Other forces were to act as decoys to suggest that a landing was to be made north of Naples. Information about Ventotene was meagre and (in the dark) the harbour proved to be minute, the Rangers were landed and accomplished their first task. However, it is probably a blessing that the Germans had removed Benito Mussolini some time earlier, so the local Italian garrison were more willing to surrender than resist. Our opportunity to be famous passed but our tasks were far from complete.

We were soon intended to be based in Naples but, (as air raids were still occurring there) the NOIC (naval officer in charge) told us he did not want our petrol tanker in his harbour - wise man. We went in search of a suitable little harbour and found Porto d'Ischia, on the lovely (then) unspoilt island twin to Capri, but at the extremity of the northern arm of the Gulf of Naples. We were delighted to leave Naples, then in the throes of a typhus epidemic and a mist of DDT applied to everybody and everything. Ischia was heaven in comparison; the harbour fitted Coastal Forces perfectly. It was a circular volcano crater with an entrance to seaward but easily defended and well protected from weather. We were soon beginning to build CF Base Ischia and arrange repair slips. Our own rest and recreation facilities were soon available, with very memorable and very Neapolitan touches being given to music, food and drink.

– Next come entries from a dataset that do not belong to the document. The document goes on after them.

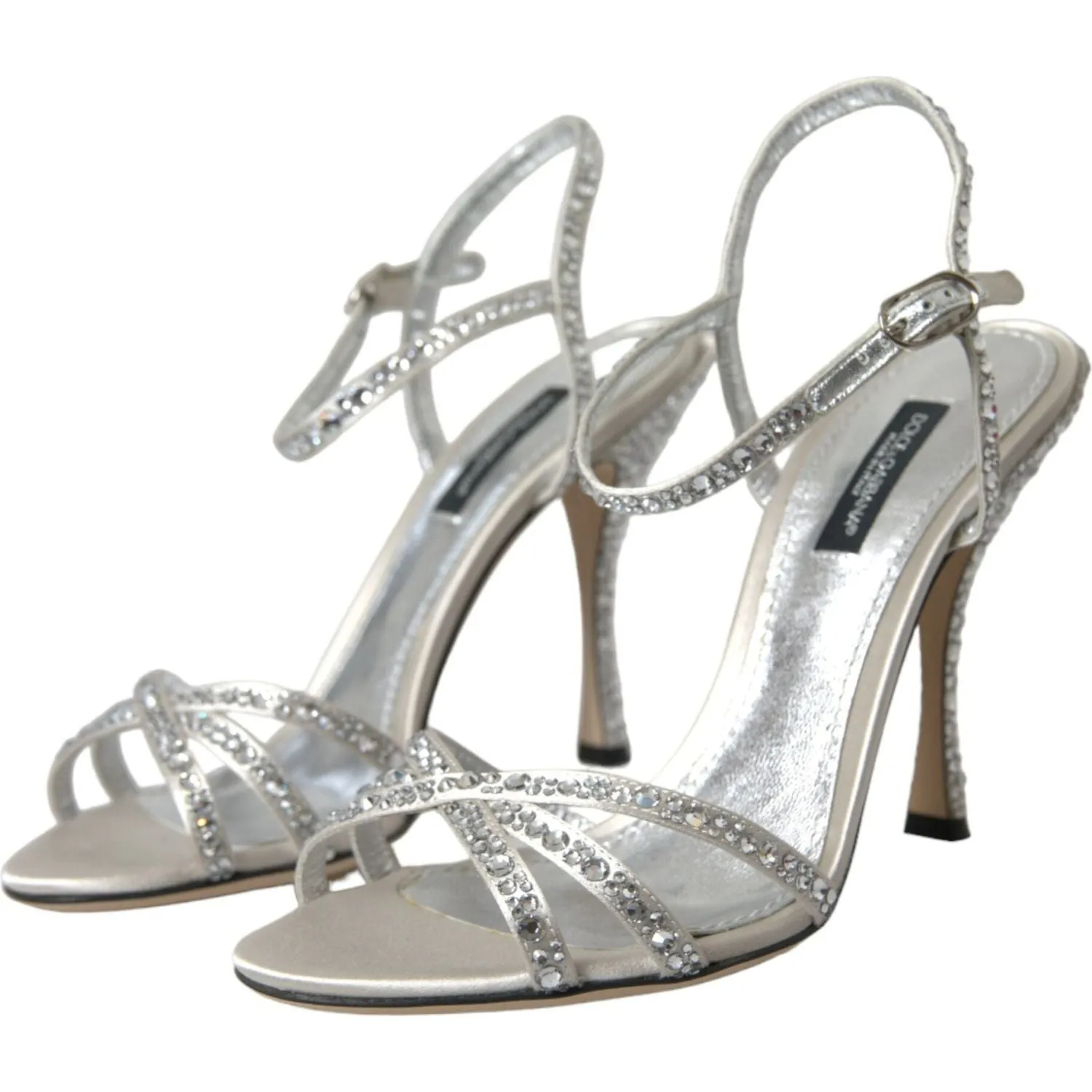 Dolce & Gabbana Silver Viscose Crystal Heels Sandals Shoes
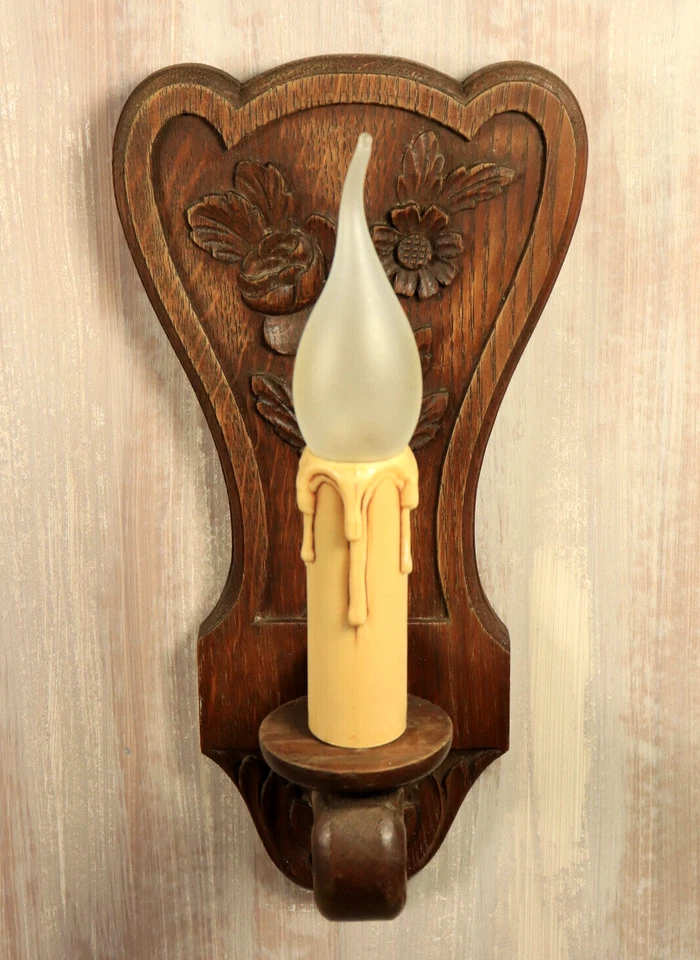 Aplique de pared francés antiguo par de lámparas de madera de roble talladas a mano flores c1950 Foto 4 de 4
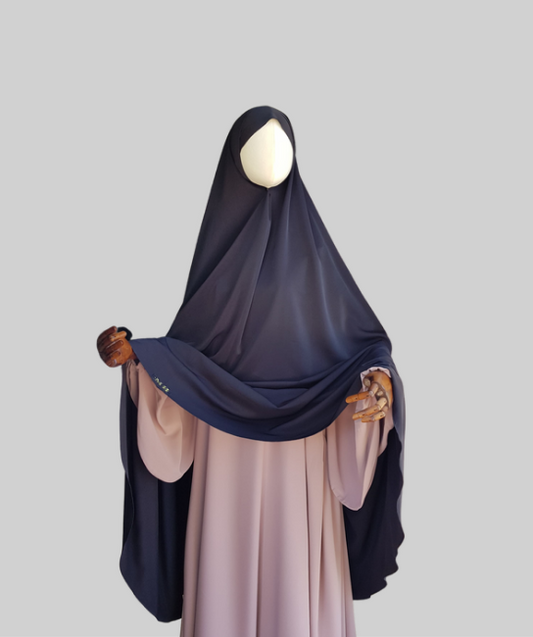 Black khimaar Emirati Crepe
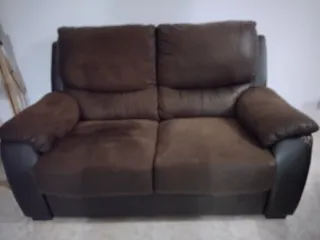Sofá de 2 plazas piel y ante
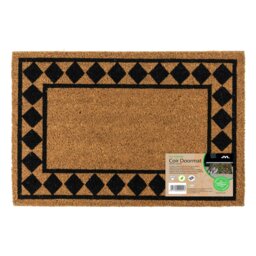 Rackhams Eco-Friendly Latex Backed Coir Entrance Doormat, 40x60cm - Diamond Border - 1 - Brown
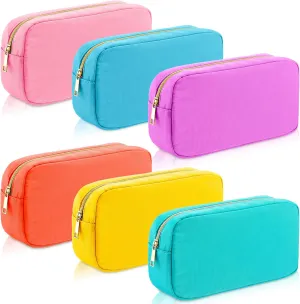 Remerry 6 Pcs Nylon Cosmetic Bag Travel Make up Pouch Toiletry with Zipper Preppy Makeup Bag Waterproof Organizer Case Set for Women Girls(9.45 x 2.4 x 5.1 Inch,Multi Colors)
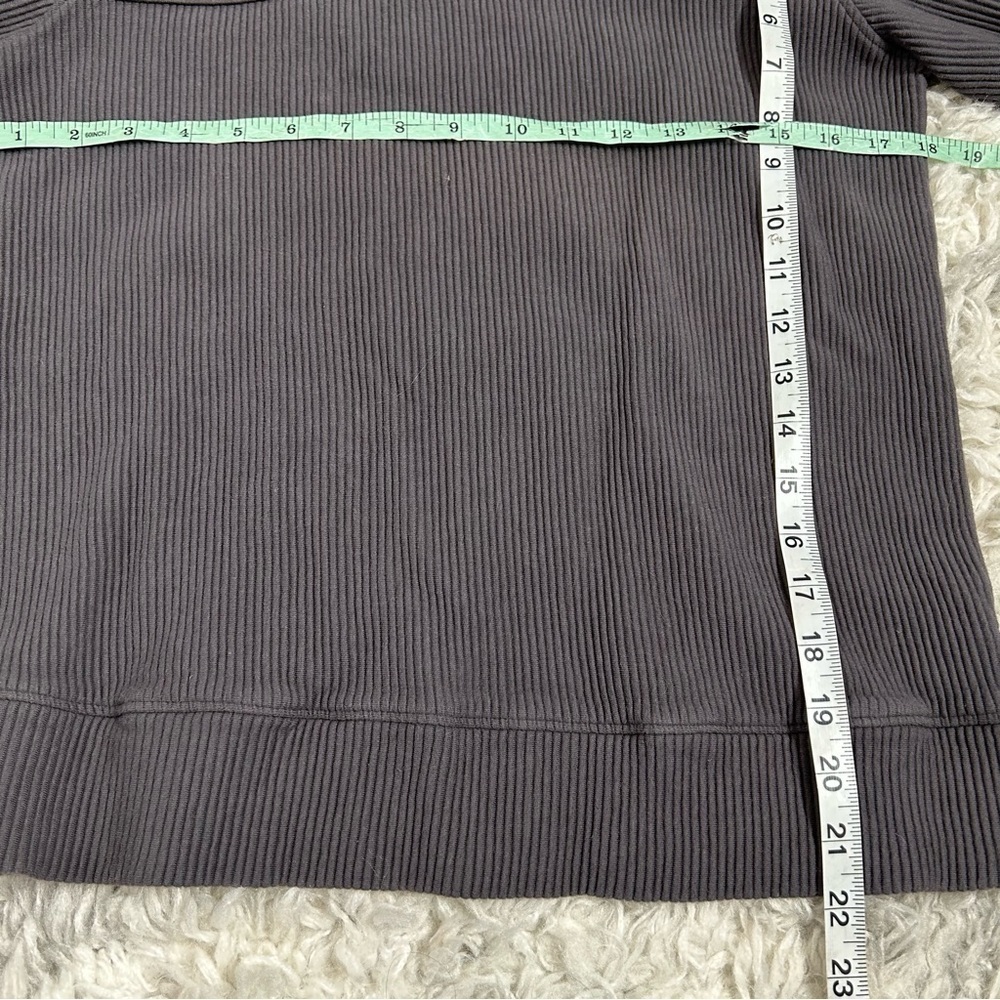 Off-Shoulder Ribbed Sweater Top - Gray - Picture 13 of 14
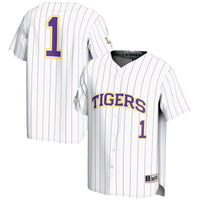 GameDay Greats #1 White LSU Tigers Lightweight Baseball Jersey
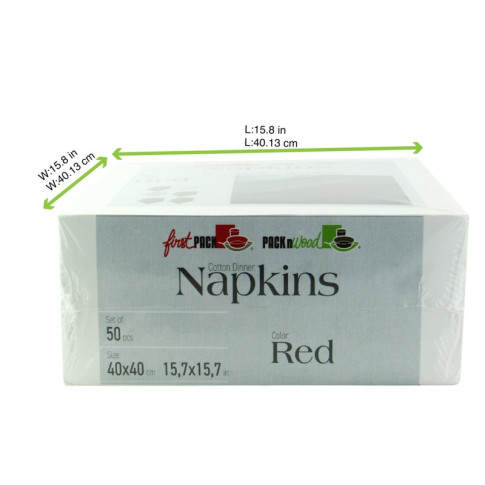 Serviette de table coton rouge  400x395mm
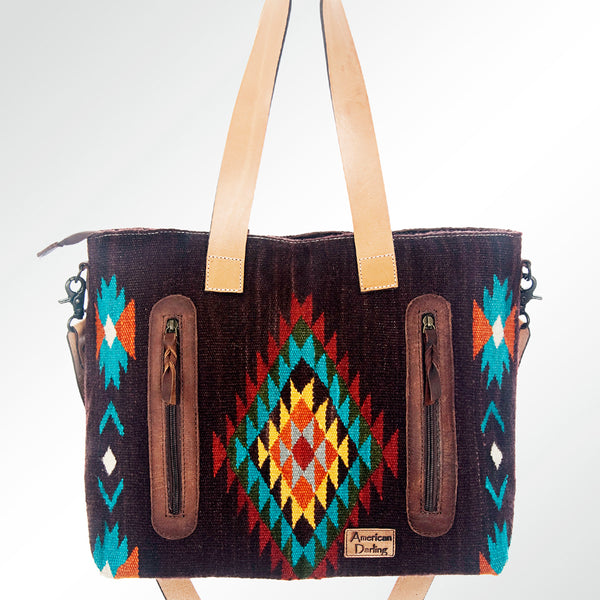 ADBG573 Southwestern Wool Tote with Geometric Pattern Natural Leather Straps & Tassel
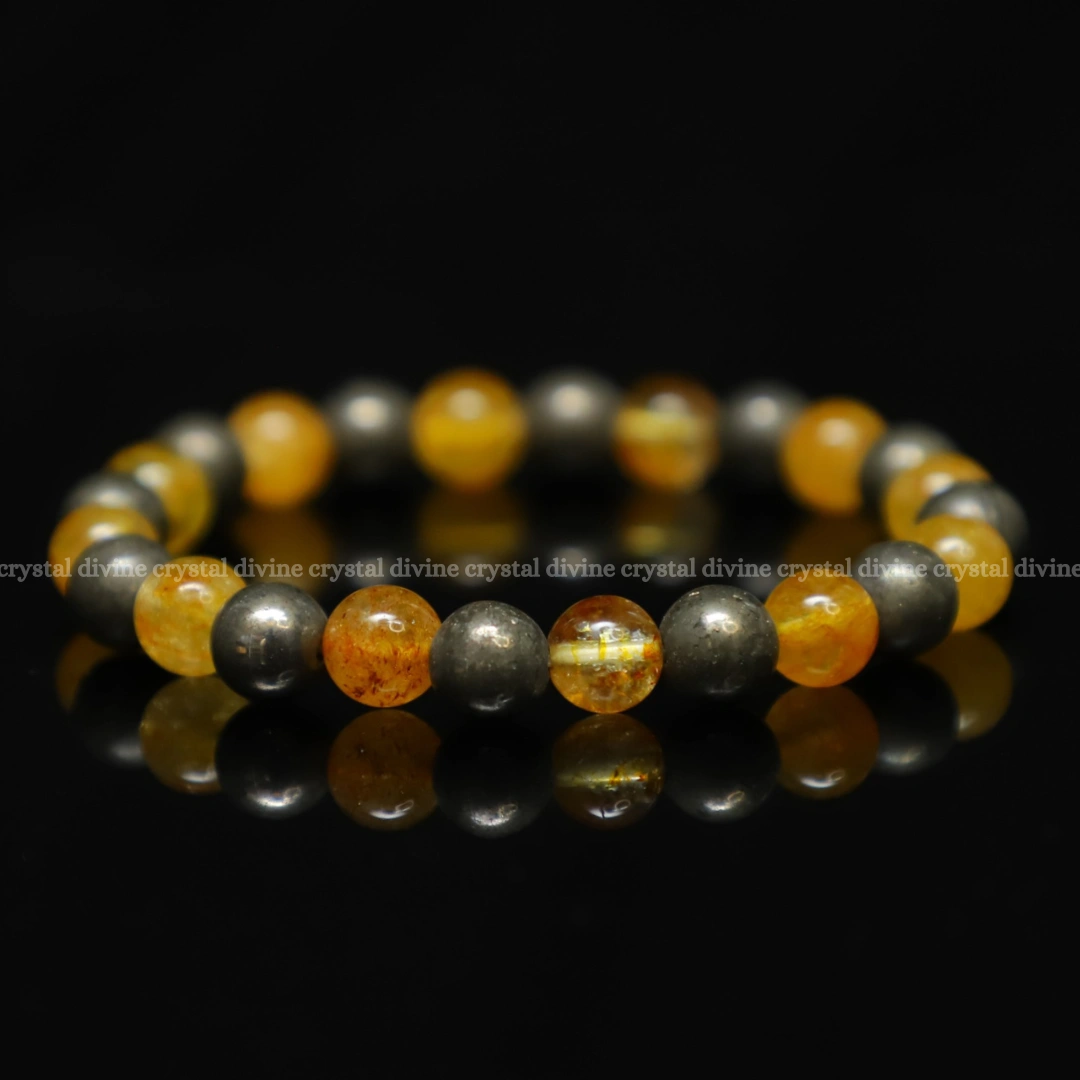 Citrine With Pyrite Crystal Bracelet -8MM (Business Growth & Money Attraction)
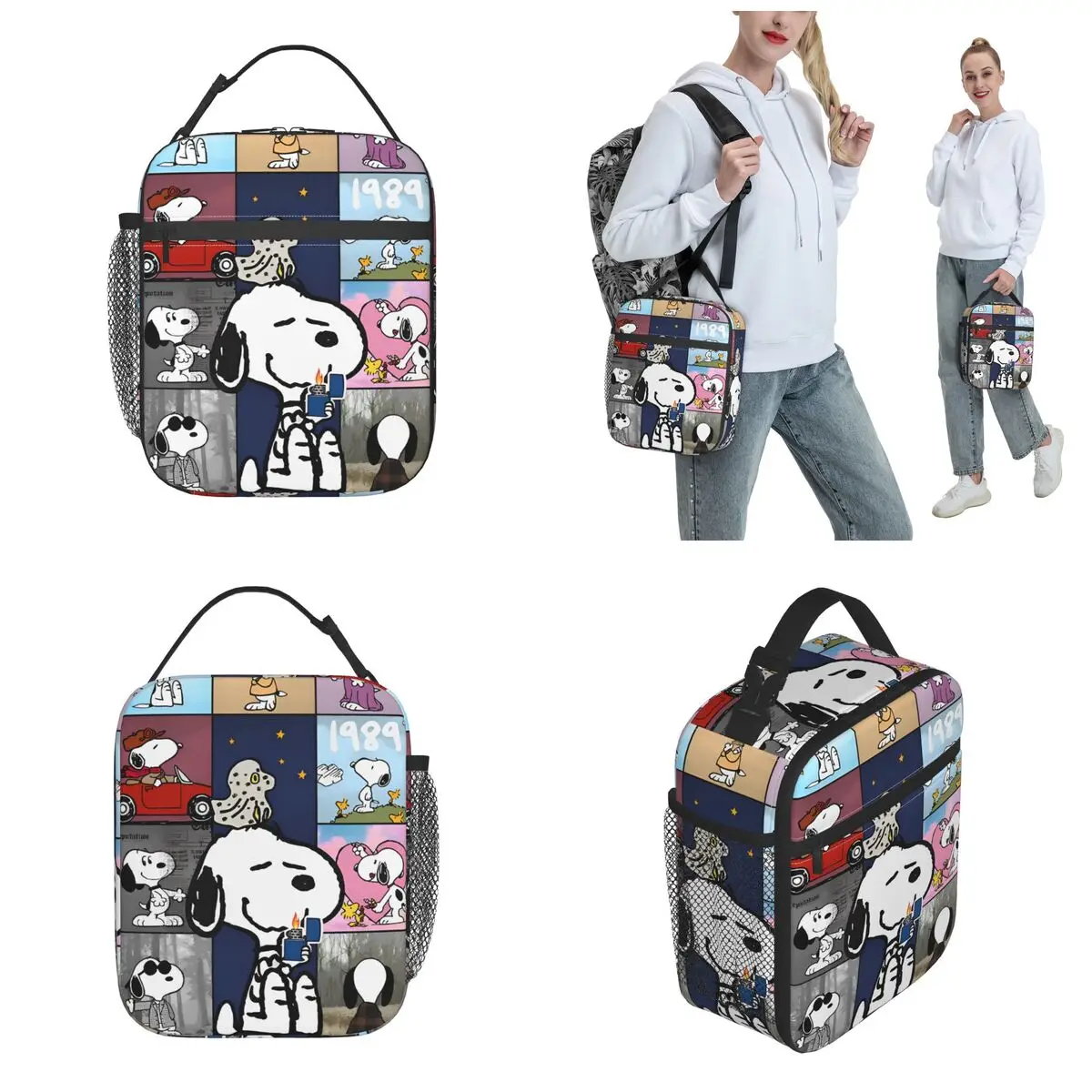 Cute Snoopy Cartoon Insulated Lunch Bag Peanuts Comic Lover Food Container Bags Reusable Thermal Cooler Lunch Boxes For Work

We had to make several trips back to Messina to assist the build-up in Italy. Almost all were uneventful and navigation was easy even at night, as then active eruptions were causing fiery lava streaks down the cones of Vesuvius and Stromboli. These often provided running fixes over about 200 miles. Whether there was any connection with volcanic ash I know not, but I have never seen such vivid electrostatic displays of St Elmo's Fire and the electrostatic charges making the hair stand on end, as on those placid night sailings. One night when we were not in company, the hair stood on end for a different reason. All of a sudden we were exposed to a brilliant light charging at us and rising. At first collision seemed inevitable. Only just in time did we realize that it was an airborne searchlight, mounted in one of Coastal Command's `Leigh Light Wellingtons', which clearly suspected that we were a U Boat in need of bombs or depth charges. Fortunately the two-star Very Cartridge recognition signal got away just in time.

Advance on the land was slowed by the enemy's determined defence of Monte Cassino, so we were often called on to make smoke inshore of HMS Penelope if enemy fire got anywhere near her, as she bombarded shore targets. About this time we led the landing craft into the Anzio beachhead and later every other night escorted the two LST (Landing Ship Tank) which daily braved the artillery to land loaded lorries to dash up the beach. Until they emptied, we could lie-off out of artillery range until the night time return to Ischia. The water was shallow enough for us to set off one or two acoustic mines when we put the engines astern but we did not even get splashed!